The pair insist that Zaharie Ahmad Shah, 53, likely suffered from a mental illness and wanted to end his life. Therefore, he is believed to have hatched an elaborate plan to lock out the co-pilot while he put his suicide and mass murder scheme into effect. In the end, his plot was successful and the plane crashed into the depths of the Indian Ocean.

Goodnight 370 says that although oxygen masks would have deployed in the passenger compartment, the supply only lasts for 20 minutes, much shorter than that of the cockpit. Therefore, the pilot would have had ample time to navigate the plane on a fatal track into the sea.

Wilson said the crash of Malaysian Flight MH370, based on his theory of suicide, marks a disturbing pattern in which suicidal pilots use airliners as weapons of mass destruction and instruments to claim their own lives, according to Express.

“There is a fundamental desire to ignore the mental health issue in the aviation industry. Our research indicates there have been five previous incidents of murder/suicide in commercial flights over the last three decades or so, accounting for 422 lives. The sad addition of MH370 would bring that number to 661.”

The authors say the pilot was known for his large ego, vanity, and technicality. They believe these personality traits give rise to their belief he methodically planned the crash route (for little or no radar detection, angle (to ensure maximum mortality) and depth of ocean (to delay or prevent discovery of crash site). Shah is also said to have canceled future engagements, which supports the theory of suicide by plane.

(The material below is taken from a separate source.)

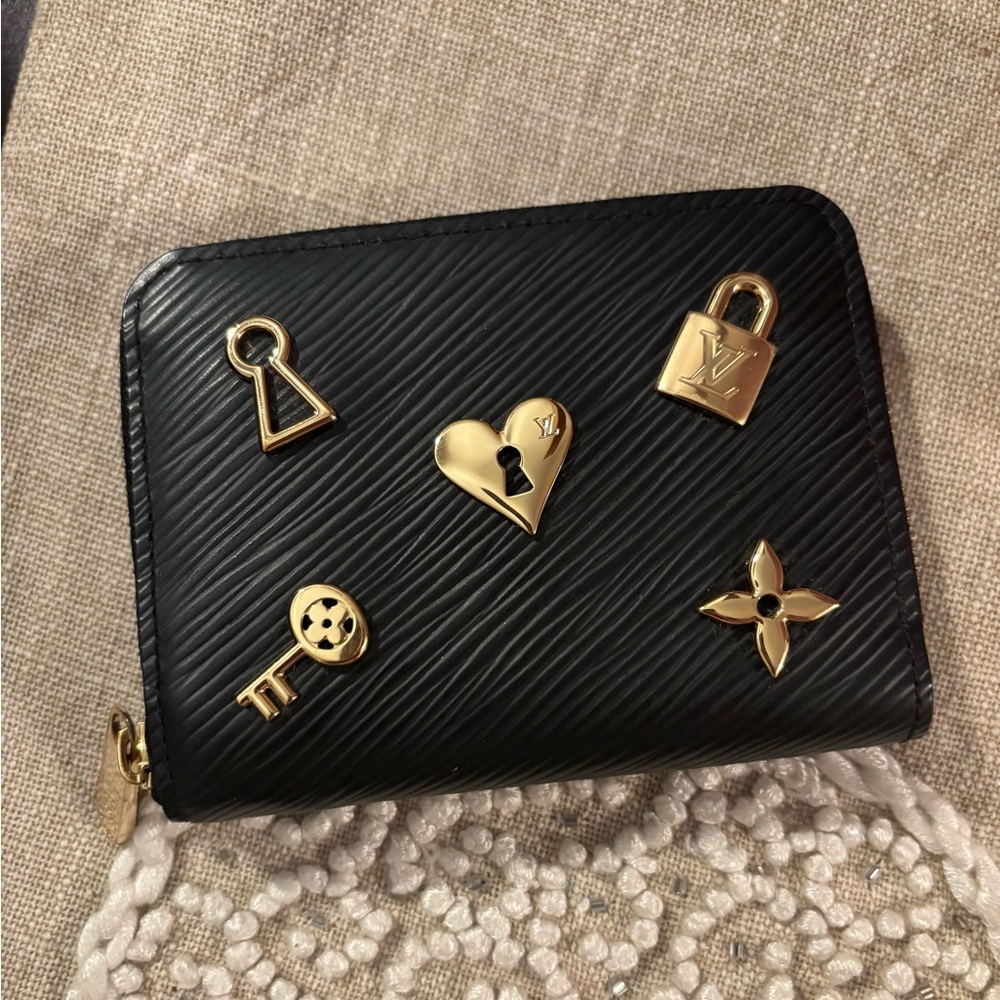 Louis Vuitton Zippy Wallet Love Lock Black Epi Leather - Picture 1 of 9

“This would have been his final sad act to his family and to the world: ‘find this one’.”

Critics of Wilson and Taylor’s suicide theory say the pair’s findings are not based on fact, only conjecture. Moreover, the conspiracy plot is not based on any tangible evidence.

Breibart pointed out this about the former airline boss.

“[I]t is worth noting that Wilson himself left the aviation industry in disgrace after being convicted of five counts of fraud.”

It’s unknown if the newest Malaysian Airlines Flight MH370 crash theories will pan out or assist in locating the remains of the missing aircraft. At a minimum, at this point, family members just want closure.